Aynı arıza üniversitelerde de başka şekilde tezahür eder. Her fırsatta belediyecileri eleştirme fırsatını kaçırmayan akademisyenlerimizin yuvası üniversite, kendi selinin patlayacağı ana mani olmanın yollarını geliştirmez.

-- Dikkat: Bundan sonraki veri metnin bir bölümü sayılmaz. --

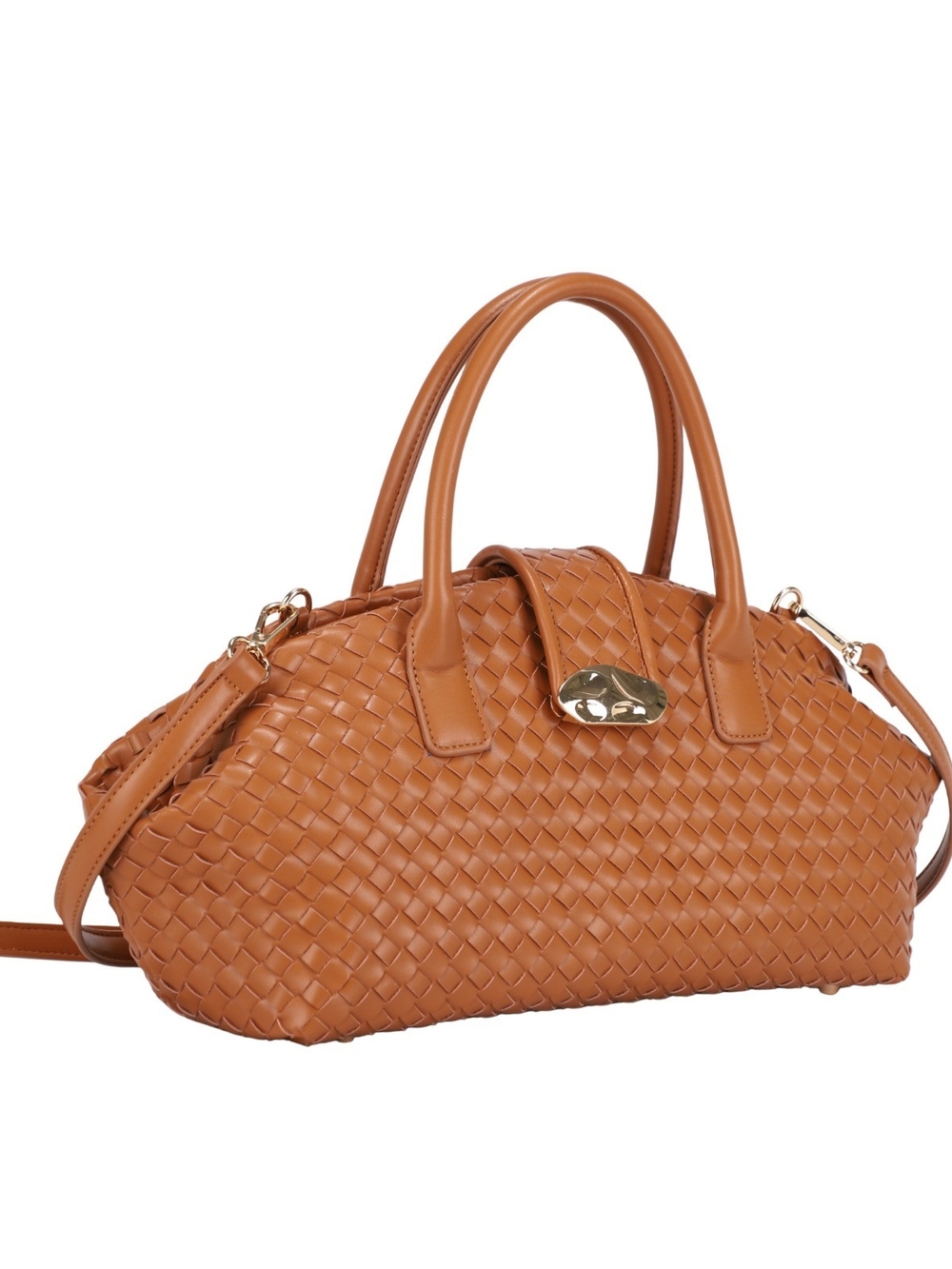 Luxurious Vegan Leather Woven Top-Handle Satchel in Cognac Brown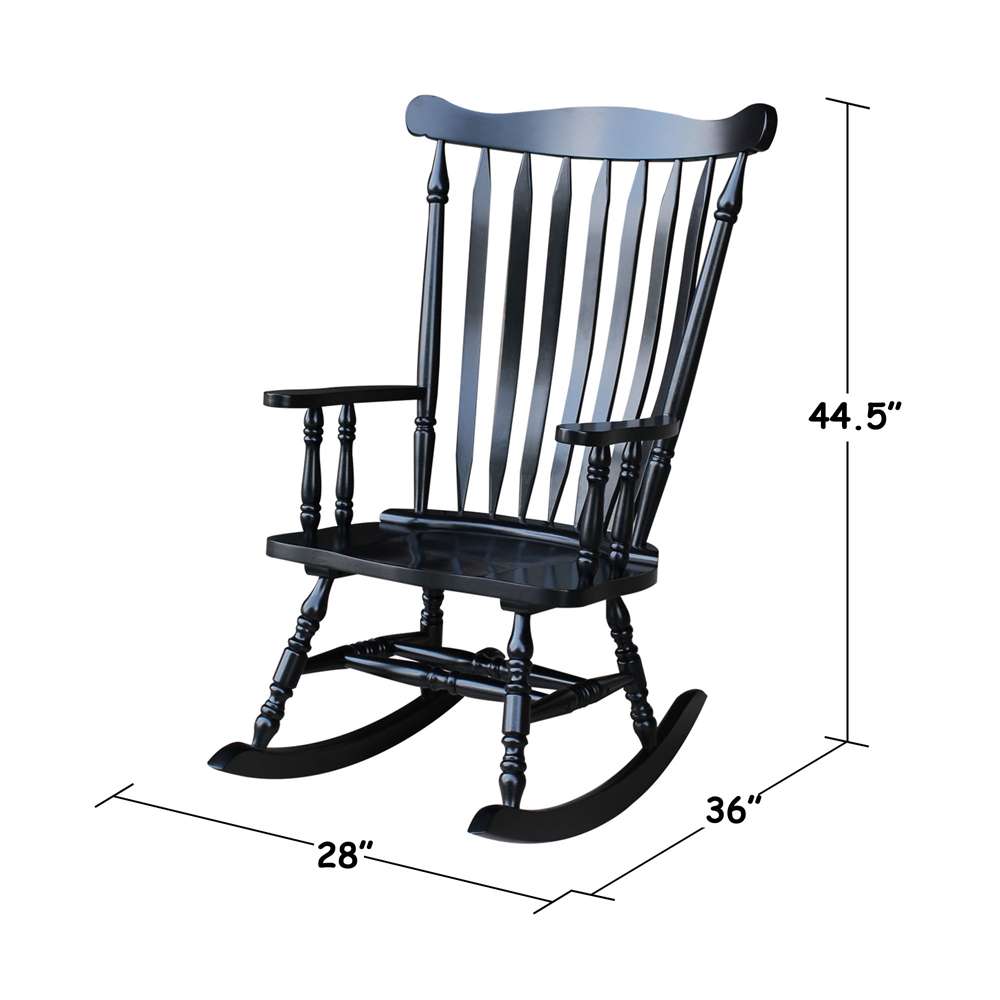 Tei Small Wood Rocker International Concepts - Solid Wood Rocker (RTA) in Antique Black ...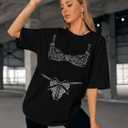 Womens Novelty Shirt Oversized Tshirt Graphic Tees Crew Neck Casual Short Sleeve Loose Fit Tops (Black, L)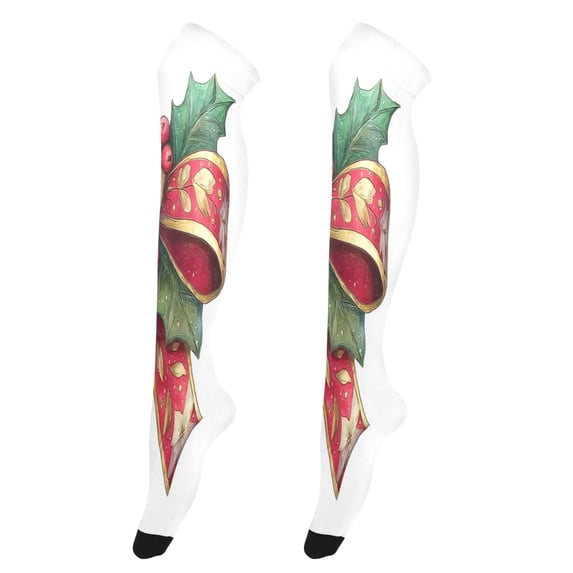Iauyy Highly Elastic Women's Trouser Knee High Socks 93% Nylon Breathable and Durable Perfect for Outings, Parties, Home, The Best Gifts for Women Realistic Watercolor Painting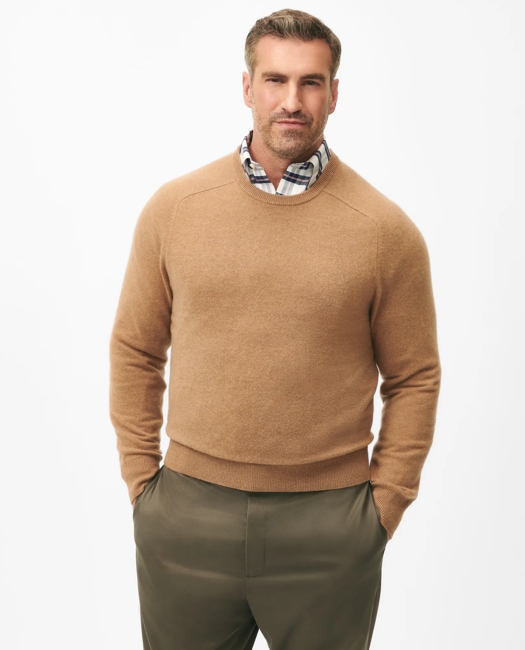 Big & Tall 3-Ply Cashmere Crewneck Sweater - Brown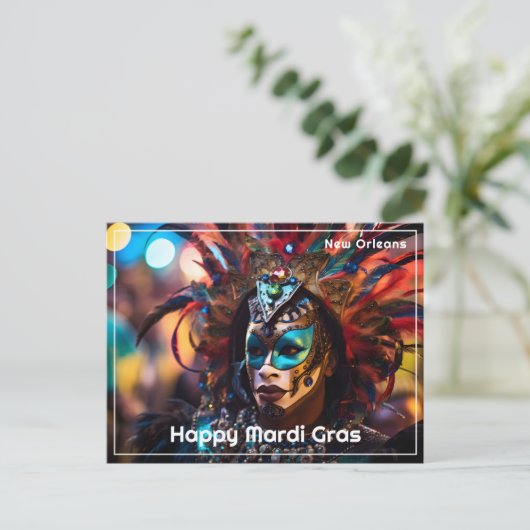 💜💛gevederde pracht: Mardi Gras Opulence Briefkaart (Staand voorkant)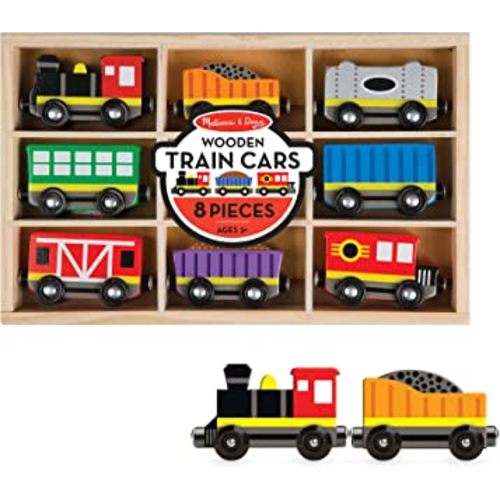 Melissa & Doug Wooden Train Cars (8 pcs) - Magnetic Train, Wooden Train Toys, Train Sets For Toddlers And Kids Ages 3+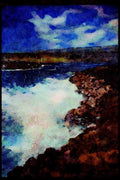 Lakes and rivers 026034 Waves Breaking On Rocks A4 Limited Edition Watercolour Print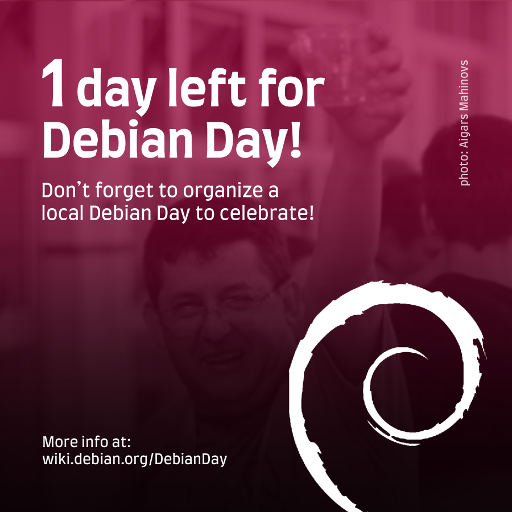 #Debian Day in 1 day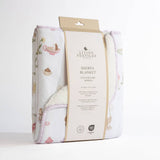 Living Textiles Jersey Sherpa Pram Blanket in Whimsical Wonderland with soft fabric and whimsical printed design for babies.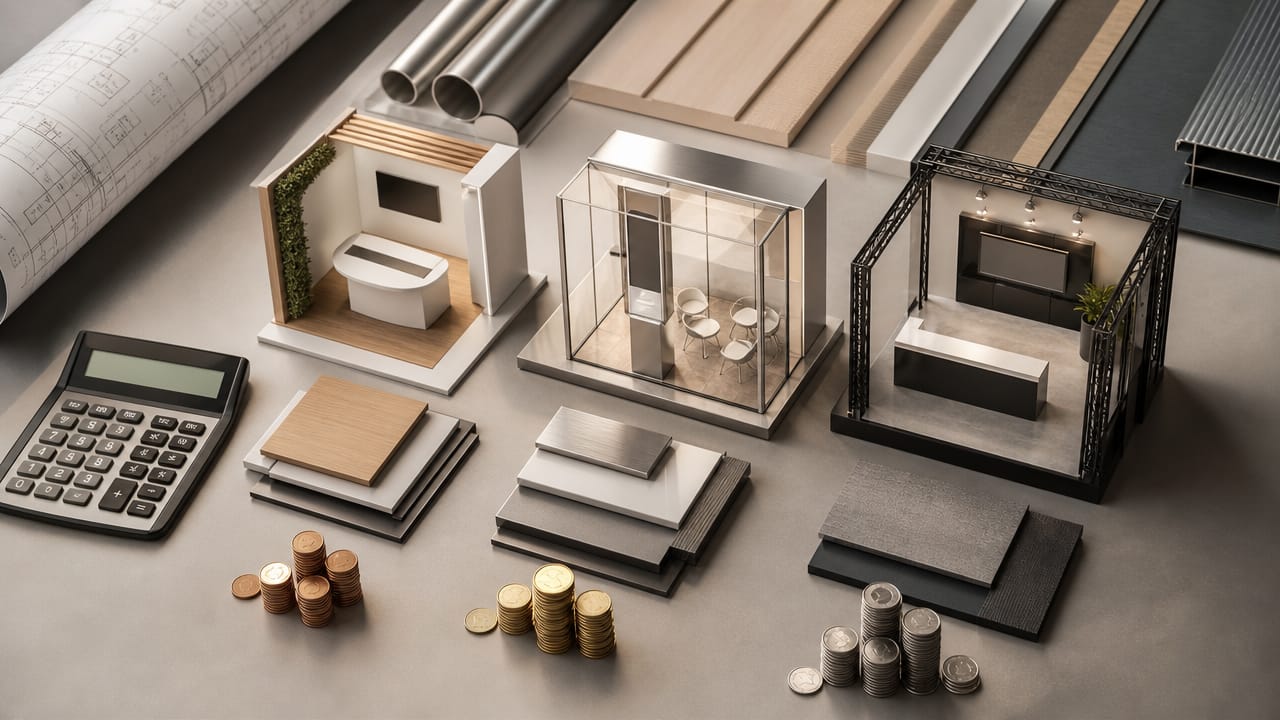 Modern exhibition stand design showing budget-friendly materials and technology in use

Üniversitelerimiz temelde araştırma kurumu olmak yerine eğitim kurumu olmayı tercih ettiklerinden en önemli hizmet alıcı öğrenciler ve asistanlardır. Bu sıfatla her türlü eksikliği ve yanlışlığı yaşayarak tespit etme imkanı bulan bu kitleye, bu rahatsızlığını dile getirme yolları açılmaz. Sonra gün gelir, bu gençler patlar.
İki örnek vereyim:
1) Kasım 2009'da Hacettepe Üniversitesi "Nasıl Bir Üniversite?" başlıklı bir sempozyum düzenledi, asistanlar ve doktora öğrencileri adına da ben konuştum. Asistanlığımı bitirmek üzere olduğum günlere denk gelen konuşmada geride kalan 4.5 yılda gördüğüm ve beni rahatsız eden pek çok şeye, açıksözlü olmaktan çekinmeyen bir dille değindiğim bir konuşma yaptım. O zaman asistanlık yaptığım bölümden hiçbir hoca toplantıya katılmadığından başlangıçta pek bir tepki almadım. Yaklaşık bir ay sonra konuşmanın videosu internete konunca kıyamet koptu. Bölümün hocaları eleştirileri kendi üzerlerine alıp oldukça sinirlendiler, öyle ki ben artık uzmanlığımı aldığım bölüme gidemez haldeyim desem yeridir.
Asistanlık yaptığım süre boyunca ne bana ne de başka bir arkadaşıma bir kez olsun şikayetlerimizi dile getirme imkanı sunanlar, bu imkanı bulduğumda elimdeki fırsatı değerlendirmeme neden şaşırdılar anlamış değilim. Bu mecrayı kendileri yaratsa istedikleri gibi kol kırılıp yen içinde kalırdı belki. Onların sağlamadığı imkanı başka yerde bulduğumda yaptığımı, ifşaat ve bölümü zor durumda bırakma olarak gördüler. Beklemedikleri anda, onların haberi dahi olmadan sel tepelerine çöküverdi.
2) Haziranın son günü Hacettepe Tıp Fakültesi'nin mezuniyet töreni vardı. Dönem birincisi olan arkadaşımız öyle bir konuşma yaptı ki, o anda karşısında oturan hocaları ve diplomasını almak üzere olduğu okulu yerin dibine soktu. Buna benzer konuşmalar daha önce başka tıp fakültelerinde de yapıldı, hiçbir şey düzeltilmediğinden daha pek çok kez yapılır. Kötü anlatılan derslere, derse gelme zahmetine katlanmayan hocalara maruz kalan bu çocuklara bu dertlerini anlatma imkanı sunmayan ve artık müzminleşmiş bu sorunlara çözüm bulmaya gayret etmeyen hocalar öfkelenerek de olsa bu zehir zemberek konuşmayı dinlemek zorunda kaldılar. 6 yıl boyunca birikmesine kayıtsız kaldıkları sel bir anda tepelerine boşaldı.
Artık bu basit problemleri aşması gerek bu ülkenin. Suyun da, insanların da akacak mecraya ihtiyacı var. Bunu göz ardı edince felaket kaçınılmaz oluyor; belediyeyle üniversite arasında da fark kalmıyor.